Taking the first step toward divorce – telling a spouse
Facing an impending divorce is unquestionably an extremely emotional and difficult time. Dealing with the realization that a marriage is about to end is hard to process for one half of the couple, but approaching a partner and informing them of the desire to divorce is another. There are, however, certain things to keep in mind when taking that first step toward divorce that can help ease the hardship of the notification.
While a divorce is a tumultuous period, it is important to take a partner’s emotions into consideration. You may have been experiencing a long period of strife in the relationship, but a partner may still not be on the same wavelength. It is crucial to not completely blindside a partner when announcing the desire for a divorce. Doing so will begin the process with one party in deep grief and shock while the other has had a considerable amount of time to process those early feelings.
Additionally, timing is important. Telling a partner about the divorce before a long work week can lead to extreme stress and leave a couple with little time to seriously discuss and attempt to move through the situation. Instead, telling a partner before a weekend will allow the couple to have plenty of time to talk to each other, hopefully paving the way for a more amicable separation.

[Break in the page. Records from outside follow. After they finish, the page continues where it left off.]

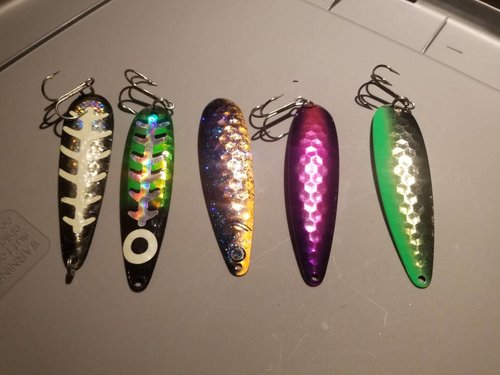 20180209_145230.thumb.jpg.af7e4cf545d9e5520a1031bd944e926b.jpg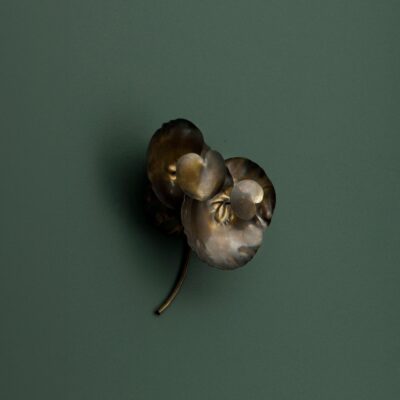 Eucalyptus Wall Light – Small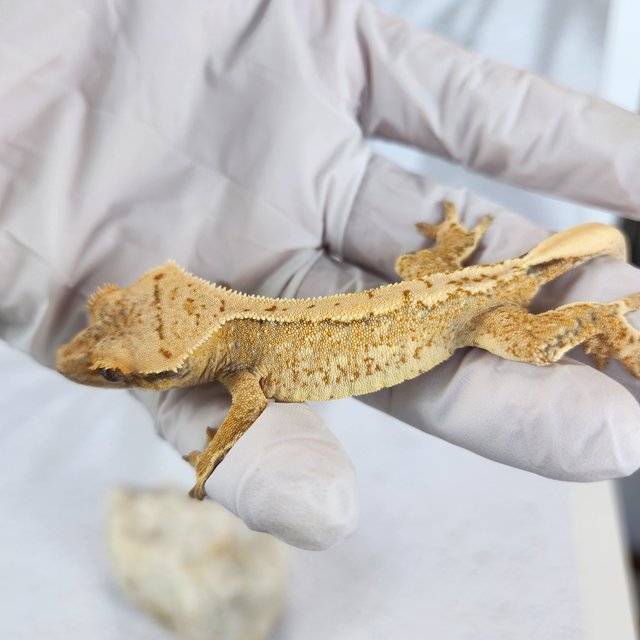 노멀 트라이 익스트림할리퀸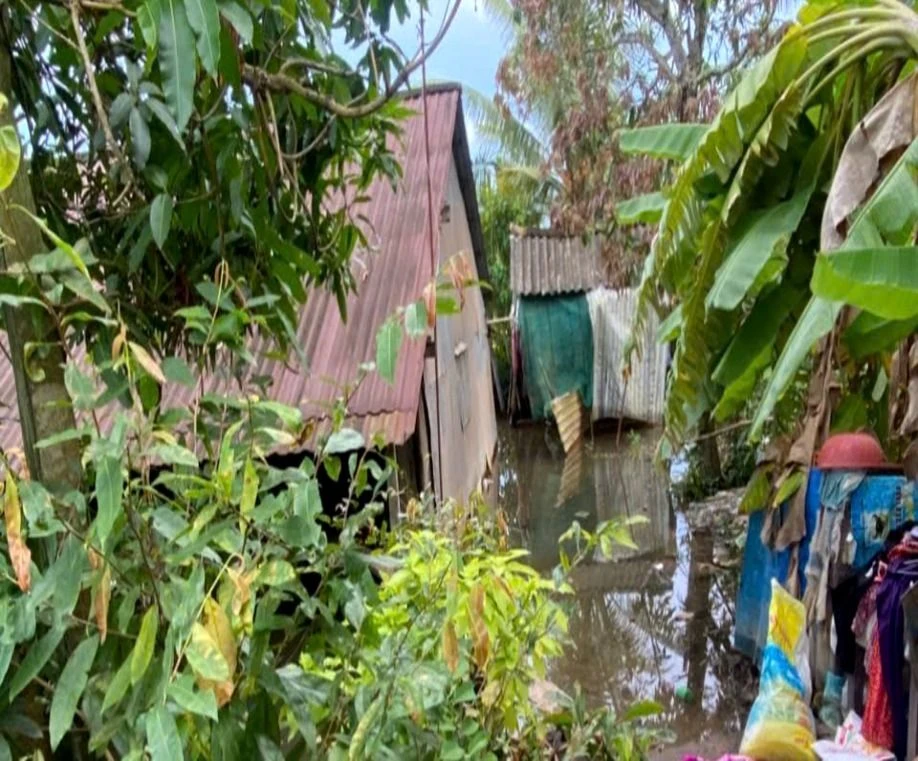 nước ngập nhà,điện giật,đồng tháp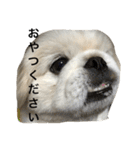 ペキニーズちょこま（個別スタンプ：26）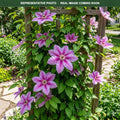 Bees Jubilee Clematis (Clematis) — Minnetonka, MN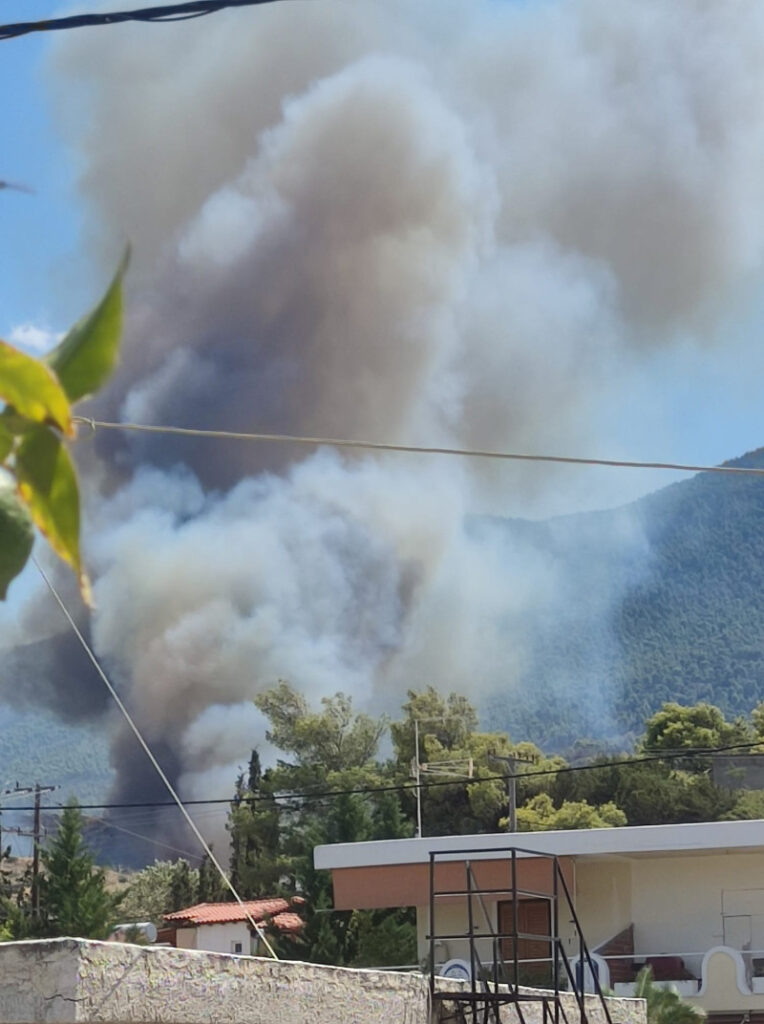 Φωτιά στις Αιγειρούσες Μεγάρων, κοντά στον οικισμό Νέο Μάζι - Έχουν καεί σπίτια, λέει ο Δήμαρχος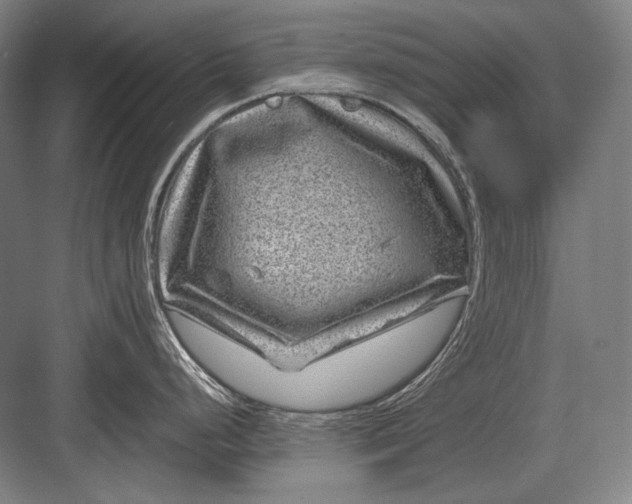 X0000082991248200702160015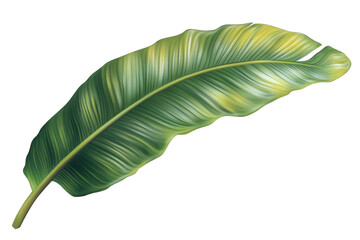 Obraz premium A vibrant green tropical leaf, showcasing lush textures and rich colors, ideal for nature-themed designs and backgrounds.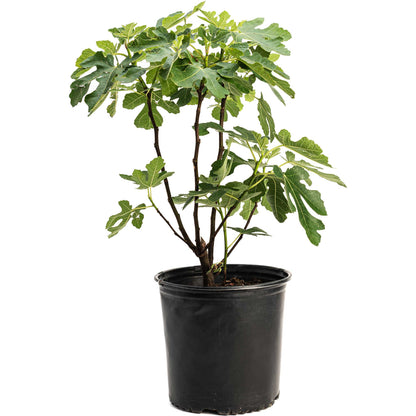 Brown Turkey Fig plant with lobed green leaves in a black plastic pot on Tampa Home & Garden Store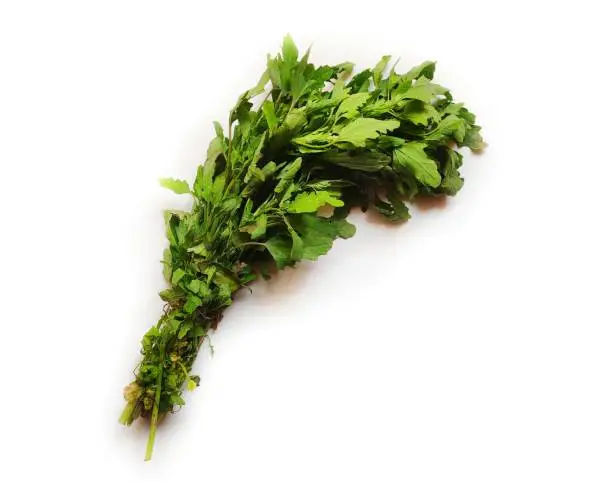 Leafy vegetable - White goose foot. Scientific name - Chenopodium album. It is extensively cultivated and consumed in North and Northeast India as a food crop known as bathua. It grows during winter.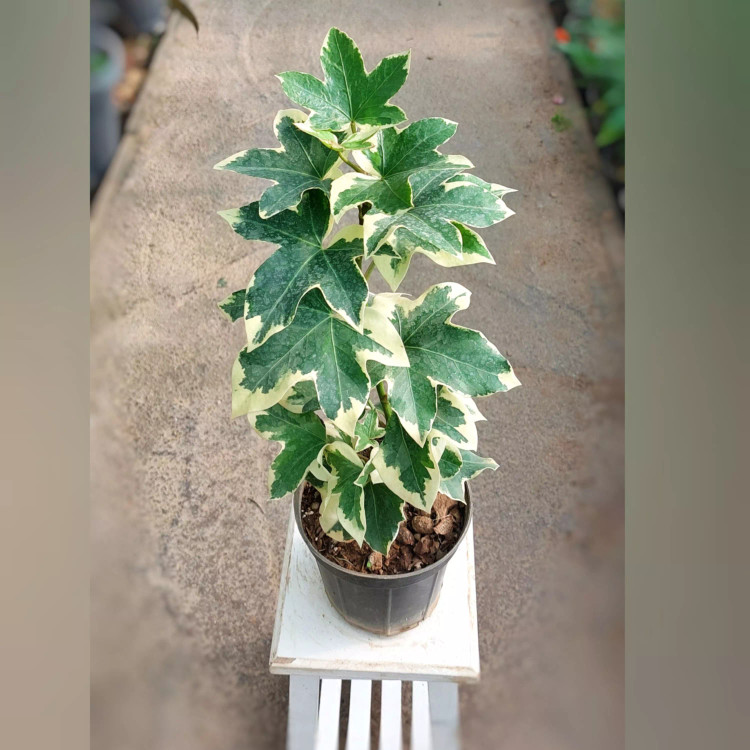 گیاه آرالیا ابلق با ارتفاع حدود 35 سانتی متر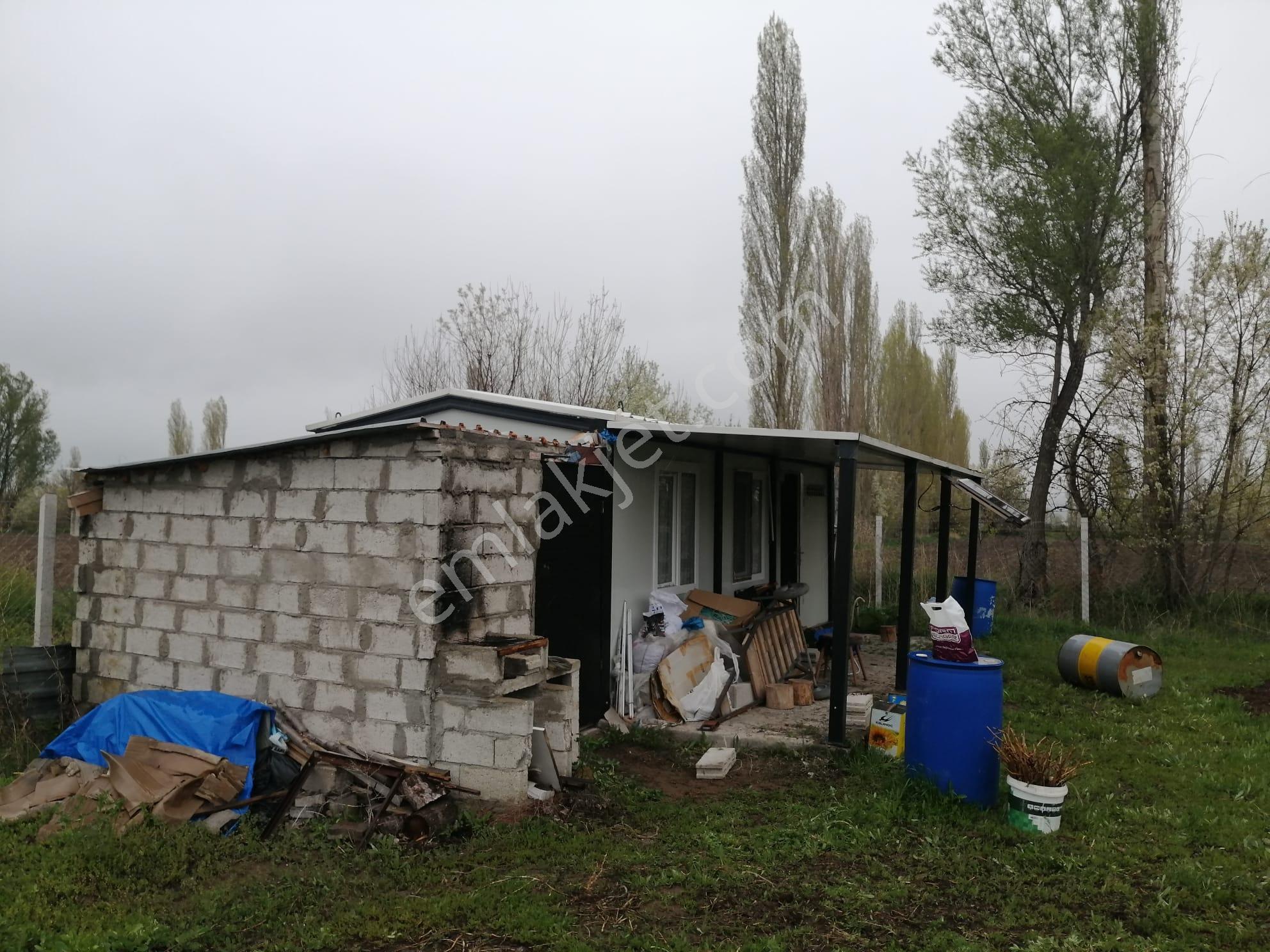Öz Gaye Emlaktan Develi Epçe Mahallesinde Satılık Üzüm Bahçesi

Unfortunately, it can be impossible to accurately judge how a partner will take the news of an impending divorce. Because of this, telling them in front of a neutral third party can help ensure cooler heads prevail, even with the heartbreak of the news. In a similar vein, never express the desire for a divorce unless it is done in complete seriousness. Divorce should not be a threat or an empty insult.
Of course, even with all of these tips in mind, beginning the process of divorce can still be very difficult and emotionally trying. Consulting an experienced attorney can help alleviate some of the stress and lingering questions surrounding such a large life change.